Data START

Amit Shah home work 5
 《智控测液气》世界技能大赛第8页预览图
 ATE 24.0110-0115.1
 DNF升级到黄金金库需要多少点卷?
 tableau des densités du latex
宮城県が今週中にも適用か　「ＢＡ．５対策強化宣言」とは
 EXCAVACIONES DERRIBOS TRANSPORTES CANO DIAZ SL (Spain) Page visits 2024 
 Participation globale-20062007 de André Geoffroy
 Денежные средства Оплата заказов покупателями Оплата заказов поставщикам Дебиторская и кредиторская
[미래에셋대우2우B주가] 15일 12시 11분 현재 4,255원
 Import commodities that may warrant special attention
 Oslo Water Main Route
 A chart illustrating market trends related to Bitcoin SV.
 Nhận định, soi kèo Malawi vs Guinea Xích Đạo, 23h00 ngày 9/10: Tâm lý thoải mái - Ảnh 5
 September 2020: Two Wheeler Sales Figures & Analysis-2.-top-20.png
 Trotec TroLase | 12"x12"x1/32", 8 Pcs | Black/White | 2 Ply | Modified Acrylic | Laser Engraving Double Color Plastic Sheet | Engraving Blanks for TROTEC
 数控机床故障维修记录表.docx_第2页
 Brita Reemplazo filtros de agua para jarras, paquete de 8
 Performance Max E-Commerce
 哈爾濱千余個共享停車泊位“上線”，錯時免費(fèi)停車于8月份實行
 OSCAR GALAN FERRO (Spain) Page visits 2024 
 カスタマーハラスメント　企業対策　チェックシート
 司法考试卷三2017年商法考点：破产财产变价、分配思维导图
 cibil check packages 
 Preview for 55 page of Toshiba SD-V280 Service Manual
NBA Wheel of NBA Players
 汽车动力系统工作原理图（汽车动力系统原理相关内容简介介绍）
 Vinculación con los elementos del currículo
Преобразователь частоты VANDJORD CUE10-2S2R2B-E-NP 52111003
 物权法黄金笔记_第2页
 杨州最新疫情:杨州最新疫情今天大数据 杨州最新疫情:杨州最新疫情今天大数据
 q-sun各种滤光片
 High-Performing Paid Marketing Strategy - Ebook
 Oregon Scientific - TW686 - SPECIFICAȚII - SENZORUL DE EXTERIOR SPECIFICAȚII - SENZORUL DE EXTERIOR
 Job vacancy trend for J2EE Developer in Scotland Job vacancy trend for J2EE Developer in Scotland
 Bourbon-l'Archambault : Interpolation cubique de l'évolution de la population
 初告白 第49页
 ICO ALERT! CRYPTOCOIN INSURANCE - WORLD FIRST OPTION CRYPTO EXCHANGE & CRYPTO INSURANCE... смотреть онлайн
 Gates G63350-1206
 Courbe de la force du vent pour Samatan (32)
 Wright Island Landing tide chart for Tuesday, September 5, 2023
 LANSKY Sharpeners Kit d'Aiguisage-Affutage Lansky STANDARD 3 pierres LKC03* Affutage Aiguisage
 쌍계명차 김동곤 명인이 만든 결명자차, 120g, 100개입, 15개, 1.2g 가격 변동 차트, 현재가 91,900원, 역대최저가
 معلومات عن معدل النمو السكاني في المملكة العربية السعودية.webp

Data END

> _Work instruction_: The answer is the lines above between the line holding "Денежные средства Оплата" and the line holding "cibil check packages", inclusive, each written out exactly, and no others.

> _Answer for this exercise_:
 Денежные средства Оплата заказов покупателями Оплата заказов поставщикам Дебиторская и кредиторская
[미래에셋대우2우B주가] 15일 12시 11분 현재 4,255원
 Import commodities that may warrant special attention
 Oslo Water Main Route
 A chart illustrating market trends related to Bitcoin SV.
 Nhận định, soi kèo Malawi vs Guinea Xích Đạo, 23h00 ngày 9/10: Tâm lý thoải mái - Ảnh 5
 September 2020: Two Wheeler Sales Figures & Analysis-2.-top-20.png
 Trotec TroLase | 12"x12"x1/32", 8 Pcs | Black/White | 2 Ply | Modified Acrylic | Laser Engraving Double Color Plastic Sheet | Engraving Blanks for TROTEC
 数控机床故障维修记录表.docx_第2页
 Brita Reemplazo filtros de agua para jarras, paquete de 8
 Performance Max E-Commerce
 哈爾濱千余個共享停車泊位“上線”，錯時免費(fèi)停車于8月份實行
 OSCAR GALAN FERRO (Spain) Page visits 2024 
 カスタマーハラスメント　企業対策　チェックシート
 司法考试卷三2017年商法考点：破产财产变价、分配思维导图
 cibil check packages 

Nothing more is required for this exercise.